Then, in September 2004, pogo enthusiasts were finally given the tool they needed to fly. SBI Enterprises, the makers of the original pogo stick, released the Flybar, a high-powered pogo designed by Bruce Middleton, an MIT dropout who had suffered a “‘moral crisis’ over the detachment of science from real-world problems like global poverty and dropped out,” per Smithsonian Magazine.
Around this same time, Bruce Spencer, a retired firefighter, had nearly finished developing the Vurtego, the first air-powered extreme pogo stick ever sold. Suddenly, there were pogo sticks capable of catapulting human beings more than six feet in the air. And in 2009, after the first Pogopalooza, a four-day extreme pogo competition that draws jumpers from around the world to Pittsburgh, concluded, a new extreme sport was officially born.
Will Weiner, the current CEO of Xpogo, first joined the traveling band of pogo jumpers in 2012 when he was asked to be the announcer at Pogopalooza. He was working at IBM at the time, making a cushy six-figure salary as a consultant. But in 2018, after years of lending his voice to the extreme sport, Weiner decided to make pogo his career instead. “I got well-integrated in the community and really fell in love with the sport, and this guy who was running the business needed to step away,” he tells me. And since there weren’t too many other people in the pogo world who had a business background, Weiner was their only hope. In addition to growing the sport, his main goal has been to help guys like Smith earn a decent living while jumping off rooftops on an air-spring pogo.
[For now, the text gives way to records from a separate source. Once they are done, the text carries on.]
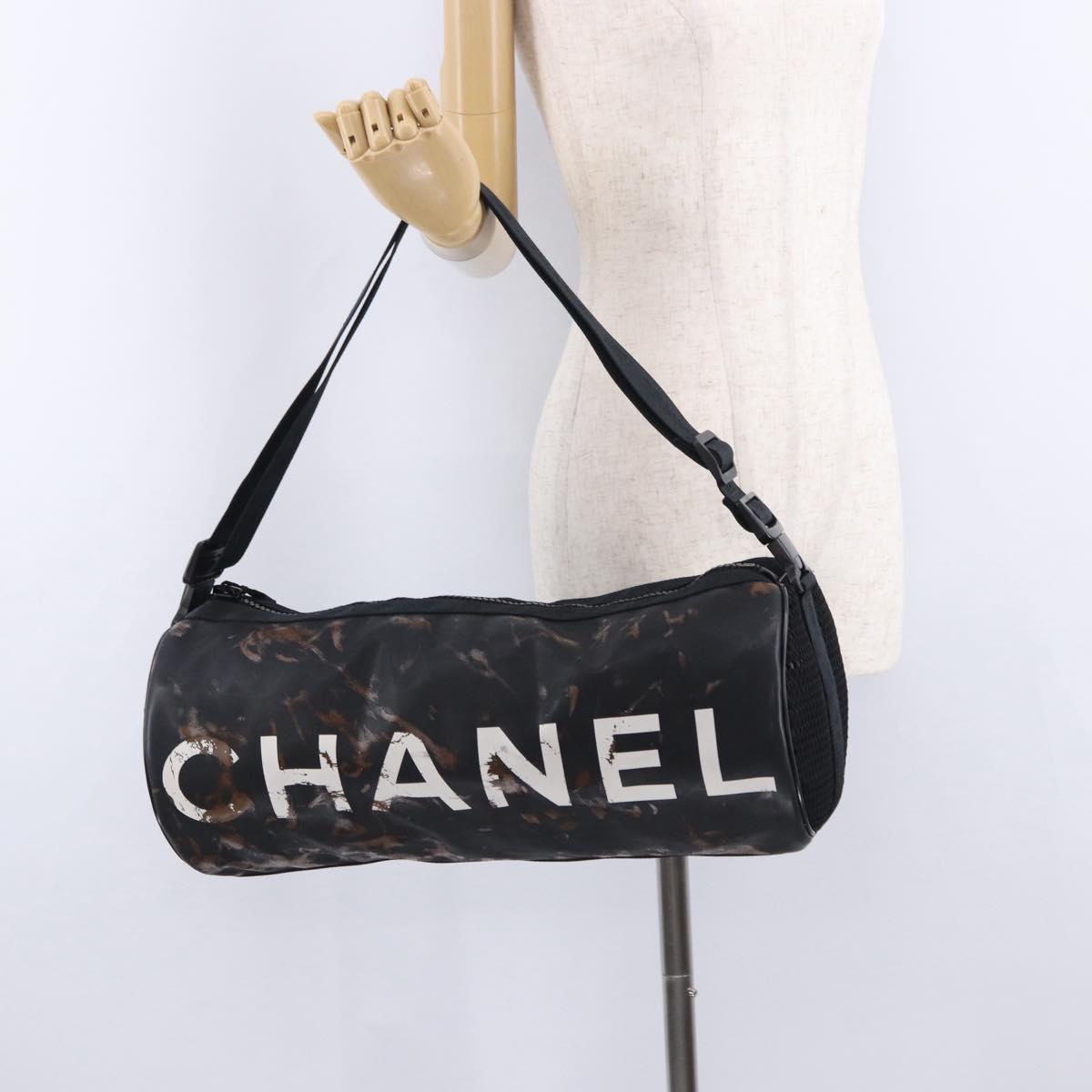 CHANEL Shoulder Bag PVC Canvas Black CC Auth 193242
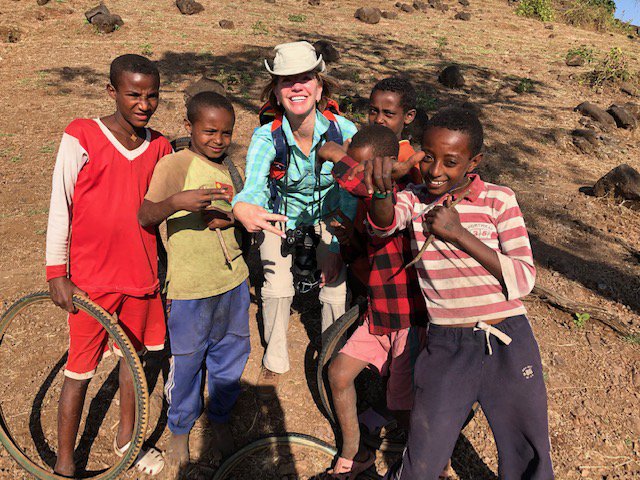 Janice with Ethiopian boys
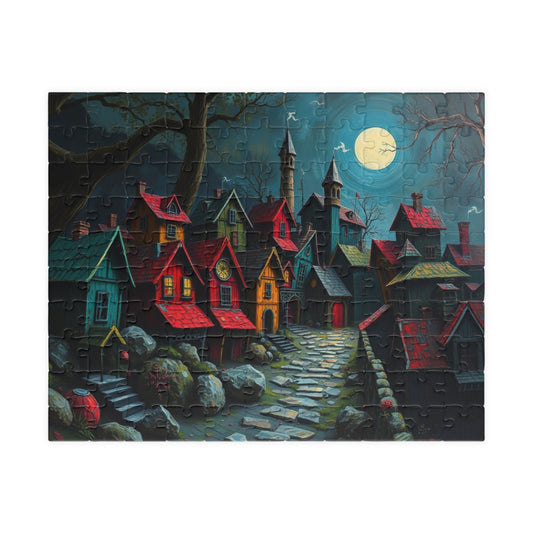 Nighttime Village 3D Puzzle (110, 252, 520, 1014-piece), Haunting Spooky Town at Night, Ideal Puzzle Gift for Gothic Dark Art Lover, Mindful 110 pcs (Horizontal) The Puzzle Chest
“My favorite trick is the slingshot flip,” says Smith, which, he explains, gets its name from the fact that if you don’t land it correctly, you’re going to be slung every which way. “Think of it as a front-flip leapfrog starting from the reverse,” he continues. “It’s tricky. It’s dangerous. It’s drawn blood and chipped bones many times. But it’s glorious. I didn’t come up with that trick, but I was the first — and for many years only — person to land it.”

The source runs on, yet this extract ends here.